Tuesday, October 30, 2012

Affordability as a discursive accomplishment in a changing National Health Service

http://www.ncbi.nlm.nih.gov/pubmed/23103349


 2012 Sep 28. pii: S0277-9536(12)00690-9. doi: 10.1016/j.socscimed.2012.09.026. [Epub ahead of print]

Affordability as a discursive accomplishment in a changing National Health Service.

Source

Barts and The London School of Medicine and Dentistry, Queen Mary University of London, Yvonne Carter Building, 58 Turner Street, London E1 2AB, UK. Electronic address: j.russell@qmul.ac.uk.

Abstract

Health systems worldwide face the challenges of rationing. The English National Health Service (NHS) was founded on three core principles: universality, comprehensiveness, and free at the point of delivery. Yet patients are increasingly hearing that some treatments are unaffordable on the NHS. We considered affordability as a social accomplishment and sought to explore how those charged with allocating NHS resources achieved this in practice. We undertook a linguistic ethnography to examine the work practices of resource allocation committees in three Primary Care Trusts (PCTs) in England between 2005 and 2012, specifically deliberations over 'individual funding requests' (IFRs) - requests by patients and their doctors for the PCT to support a treatment not routinely funded.
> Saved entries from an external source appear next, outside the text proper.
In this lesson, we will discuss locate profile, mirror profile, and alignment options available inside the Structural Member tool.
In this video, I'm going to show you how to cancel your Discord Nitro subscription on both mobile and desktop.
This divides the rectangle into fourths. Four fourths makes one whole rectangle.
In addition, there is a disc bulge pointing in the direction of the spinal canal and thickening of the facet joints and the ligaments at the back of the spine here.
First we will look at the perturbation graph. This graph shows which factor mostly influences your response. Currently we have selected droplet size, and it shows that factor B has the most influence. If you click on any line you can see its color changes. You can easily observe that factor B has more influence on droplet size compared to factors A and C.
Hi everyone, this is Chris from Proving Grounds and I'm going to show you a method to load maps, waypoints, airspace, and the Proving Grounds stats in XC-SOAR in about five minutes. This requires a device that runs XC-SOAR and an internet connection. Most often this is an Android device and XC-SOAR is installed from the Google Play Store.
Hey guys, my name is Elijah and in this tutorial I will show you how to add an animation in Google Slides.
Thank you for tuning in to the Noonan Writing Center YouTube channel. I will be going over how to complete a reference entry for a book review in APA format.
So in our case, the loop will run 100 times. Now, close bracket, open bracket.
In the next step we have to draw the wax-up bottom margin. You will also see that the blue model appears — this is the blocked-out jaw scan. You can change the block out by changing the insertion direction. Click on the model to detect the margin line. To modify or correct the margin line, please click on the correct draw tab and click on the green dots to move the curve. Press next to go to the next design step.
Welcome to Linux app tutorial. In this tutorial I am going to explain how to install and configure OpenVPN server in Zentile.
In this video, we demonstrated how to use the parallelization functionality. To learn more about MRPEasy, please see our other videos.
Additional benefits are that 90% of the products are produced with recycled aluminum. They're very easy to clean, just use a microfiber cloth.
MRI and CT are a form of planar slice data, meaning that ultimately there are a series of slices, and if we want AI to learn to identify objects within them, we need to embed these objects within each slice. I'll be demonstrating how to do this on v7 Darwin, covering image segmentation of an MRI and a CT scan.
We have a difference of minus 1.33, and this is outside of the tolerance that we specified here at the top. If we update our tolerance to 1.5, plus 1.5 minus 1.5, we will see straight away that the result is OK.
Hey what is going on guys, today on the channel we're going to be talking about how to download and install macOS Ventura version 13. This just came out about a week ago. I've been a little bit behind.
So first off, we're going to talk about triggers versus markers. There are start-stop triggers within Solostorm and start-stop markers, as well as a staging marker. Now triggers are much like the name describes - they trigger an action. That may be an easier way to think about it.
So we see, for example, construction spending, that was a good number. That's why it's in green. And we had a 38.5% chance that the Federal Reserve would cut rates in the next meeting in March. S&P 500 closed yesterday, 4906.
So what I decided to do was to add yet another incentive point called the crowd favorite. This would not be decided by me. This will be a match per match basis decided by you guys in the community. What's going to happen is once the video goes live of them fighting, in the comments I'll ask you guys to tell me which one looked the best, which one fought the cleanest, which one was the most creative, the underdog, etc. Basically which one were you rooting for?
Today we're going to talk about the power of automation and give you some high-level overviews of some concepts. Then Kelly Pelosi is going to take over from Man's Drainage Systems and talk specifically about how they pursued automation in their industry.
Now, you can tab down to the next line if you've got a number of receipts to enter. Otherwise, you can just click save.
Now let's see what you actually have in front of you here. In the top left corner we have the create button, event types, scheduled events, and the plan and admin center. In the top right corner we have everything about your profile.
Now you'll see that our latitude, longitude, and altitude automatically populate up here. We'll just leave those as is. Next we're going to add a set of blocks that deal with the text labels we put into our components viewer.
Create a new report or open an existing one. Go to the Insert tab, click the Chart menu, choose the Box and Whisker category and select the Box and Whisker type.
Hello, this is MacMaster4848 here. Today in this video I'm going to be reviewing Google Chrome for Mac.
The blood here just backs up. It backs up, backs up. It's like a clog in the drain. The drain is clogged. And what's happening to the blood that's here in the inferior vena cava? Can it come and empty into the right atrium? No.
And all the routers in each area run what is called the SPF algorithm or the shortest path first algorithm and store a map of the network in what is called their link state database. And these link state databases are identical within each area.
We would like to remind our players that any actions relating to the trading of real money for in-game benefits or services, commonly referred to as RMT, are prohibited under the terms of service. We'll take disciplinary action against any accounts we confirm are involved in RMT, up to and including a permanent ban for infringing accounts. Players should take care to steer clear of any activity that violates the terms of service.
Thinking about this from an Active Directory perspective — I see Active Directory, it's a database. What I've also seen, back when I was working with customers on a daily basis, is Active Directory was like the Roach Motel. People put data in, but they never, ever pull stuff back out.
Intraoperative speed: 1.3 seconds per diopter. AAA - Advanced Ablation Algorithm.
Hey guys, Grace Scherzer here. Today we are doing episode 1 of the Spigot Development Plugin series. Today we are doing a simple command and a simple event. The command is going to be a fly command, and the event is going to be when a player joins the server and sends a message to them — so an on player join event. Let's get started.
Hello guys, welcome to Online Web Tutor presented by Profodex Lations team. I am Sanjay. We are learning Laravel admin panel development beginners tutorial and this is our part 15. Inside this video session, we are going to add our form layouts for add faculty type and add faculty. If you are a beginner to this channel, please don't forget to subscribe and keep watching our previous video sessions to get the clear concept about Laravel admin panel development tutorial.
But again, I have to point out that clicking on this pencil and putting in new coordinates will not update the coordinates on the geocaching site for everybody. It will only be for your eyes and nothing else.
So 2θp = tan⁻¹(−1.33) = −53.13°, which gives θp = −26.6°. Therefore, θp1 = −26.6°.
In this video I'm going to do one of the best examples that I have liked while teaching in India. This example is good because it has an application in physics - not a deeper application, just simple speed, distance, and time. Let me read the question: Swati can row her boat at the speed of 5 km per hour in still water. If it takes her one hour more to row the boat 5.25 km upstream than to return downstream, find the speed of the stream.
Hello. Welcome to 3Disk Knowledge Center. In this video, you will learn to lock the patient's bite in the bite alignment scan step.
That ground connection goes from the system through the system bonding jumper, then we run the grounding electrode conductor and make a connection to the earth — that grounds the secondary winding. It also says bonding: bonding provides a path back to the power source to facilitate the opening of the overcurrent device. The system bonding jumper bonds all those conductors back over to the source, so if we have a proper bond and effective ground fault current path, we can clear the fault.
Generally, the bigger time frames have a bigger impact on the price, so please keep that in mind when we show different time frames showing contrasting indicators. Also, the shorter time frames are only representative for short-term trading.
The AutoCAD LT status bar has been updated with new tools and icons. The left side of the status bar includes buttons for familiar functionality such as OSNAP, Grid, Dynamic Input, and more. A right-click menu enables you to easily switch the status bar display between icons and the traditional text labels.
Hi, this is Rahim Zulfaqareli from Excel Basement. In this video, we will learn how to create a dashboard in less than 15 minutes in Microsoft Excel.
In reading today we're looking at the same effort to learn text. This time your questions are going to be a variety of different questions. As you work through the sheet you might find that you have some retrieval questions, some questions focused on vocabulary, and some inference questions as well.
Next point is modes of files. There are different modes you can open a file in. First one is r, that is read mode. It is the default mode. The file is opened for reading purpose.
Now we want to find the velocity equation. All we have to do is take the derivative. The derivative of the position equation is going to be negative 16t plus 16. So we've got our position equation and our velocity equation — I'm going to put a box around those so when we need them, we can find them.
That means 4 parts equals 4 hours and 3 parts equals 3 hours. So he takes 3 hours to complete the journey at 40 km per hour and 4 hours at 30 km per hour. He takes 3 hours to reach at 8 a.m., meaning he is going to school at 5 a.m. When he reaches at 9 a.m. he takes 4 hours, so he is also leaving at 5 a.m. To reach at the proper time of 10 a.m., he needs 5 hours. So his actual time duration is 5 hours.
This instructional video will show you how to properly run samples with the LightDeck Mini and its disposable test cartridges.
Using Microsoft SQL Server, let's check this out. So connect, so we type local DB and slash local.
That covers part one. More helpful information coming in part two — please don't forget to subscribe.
We collected and analysed a diverse dataset comprising policy documents, legal judgements, audio recordings, ethnographic field notes and emails from PCT committee meetings, interviews and a focus group with committee members. We found that the fundamental values of universality and comprehensiveness strongly influenced the culture of these NHS organisations, and that in this context, accomplishing affordability was not easy. Four discursive practices served to confer legitimacy on affordability as a guiding value of NHS health care: (1) categorising certain treatments as only eligible for NHS funding if patients could prove 'exceptional' circumstances; (2) representing resource allocation decisions as being not (primarily) about money; (3) indexical labelling of affordability as an ethical principle, and (4) recontextualising legal judgements supporting refusal of NHS treatment on affordability grounds as 'rational'. The overall effect of these discursive practices was that denying treatment to patients became reasonable and rational for an organisation even while it continued to espouse traditional NHS values. We conclude that deliberations about the funding of treatments at the margins of NHS care have powerful consequences both for patients and for redrawing the ideological landscape of NHS care.